Huitfeldt H S, Spangler E F, Baron J, Poirier M C
Cancer Res. 1987 Apr 15;47(8):2098-102.
The intensities of immunofluorescence in nuclei stained by an antiserum specific for the DNA adduct N-deoxyguanosin(8-yl)aminofluorene (dG-8-AF), were quantified by microfluorometry in frozen liver sections from male Fischer rats fed 2-acetylaminofluorene (AAF). Results of previous studies demonstrated that dG-8-AF is the predominant adduct (80-100%) formed in livers of rats fed AAF continuously, and that nuclei of hepatocytes and bile duct epithelial cells in rats fed AAF exhibit an adduct-specific immunofluorescence. In the present investigation, nuclear staining for dG-8-AF was quantified by microfluorometry in liver sections from male Fischer rats fed 0.02% AAF continuously for 2, 4, 8, 12, 16, 20, and 28 days. Microfluorometric determinations of the intensities of nuclear immunofluorescence staining within periportal, midzonal, and centrilobular hepatocytes and bile duct epithelial cells revealed that levels of the dG-8-AF adduct increased in these cells during AAF feeding, reaching a plateau by 12 days. However, significant differences were detected in dG-8-AF levels within cells of each lobular area. Nuclei of periportal hepatocytes exhibited the most intense immunofluorescence, nuclei of centrilobular hepatocytes and bile duct epithelial cells emitted the least intense fluorescence, and nuclei of midzonal hepatocytes exhibited an intermediate fluorescence intensity. Quantitation of whole-liver levels of the dG-8-AF adduct by RIA, after extraction of DNA, also revealed that adduct accumulation reached a plateau by 12 days of AAF feeding. Thus, similar profiles of adduct accumulation were obtained by microfluorometric analysis of immunofluorescence staining within frozen liver sections, and by RIA analysis of DNA extracted from whole livers. The periportal concentration of DNA adducts in livers of rats continuously fed a carcinogenic dose of AAF may be an important early event in AAF-induced liver tumorigenesis.
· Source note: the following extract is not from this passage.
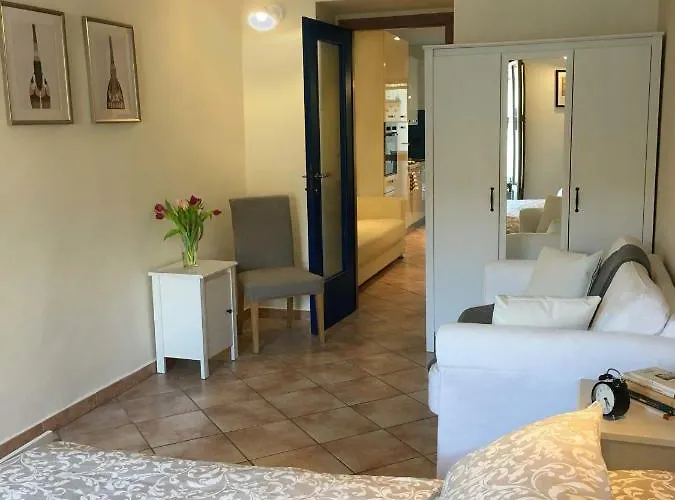 Appartement Nido Del Cuore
用对DNA加合物N - 脱氧鸟苷(8 - 基)氨基芴(dG - 8 - AF)具有特异性的抗血清对细胞核进行免疫荧光染色,通过显微荧光测定法对连续喂食2 - 乙酰氨基芴(AAF)的雄性Fischer大鼠的冰冻肝切片中的免疫荧光强度进行定量。先前研究结果表明,dG - 8 - AF是连续喂食AAF的大鼠肝脏中形成的主要加合物(80 - 100%),并且喂食AAF的大鼠肝细胞和胆管上皮细胞核呈现加合物特异性免疫荧光。在本研究中,通过显微荧光测定法对连续2、4、8、12、16、20和28天喂食0.02% AAF的雄性Fischer大鼠肝切片中dG - 8 - AF的核染色进行定量。对门周、中区和中央小叶肝细胞及胆管上皮细胞核免疫荧光染色强度的显微荧光测定表明,在AAF喂食期间这些细胞中的dG - 8 - AF加合物水平升高,到12天时达到平台期。然而,在每个小叶区域的细胞内检测到dG - 8 - AF水平存在显著差异。门周肝细胞的核呈现最强的免疫荧光,中央小叶肝细胞和胆管上皮细胞的核发出最弱的荧光,中区肝细胞的核呈现中等荧光强度。在提取DNA后,通过放射免疫分析(RIA)对全肝dG - 8 - AF加合物水平进行定量,结果还表明,在AAF喂食12天时加合物积累达到平台期。因此,通过对冰冻肝切片内免疫荧光染色进行显微荧光分析以及对从全肝提取的DNA进行RIA分析,获得了相似的加合物积累情况。连续喂食致癌剂量AAF的大鼠肝脏中门周DNA加合物浓度可能是AAF诱导肝脏肿瘤发生过程中的一个重要早期事件。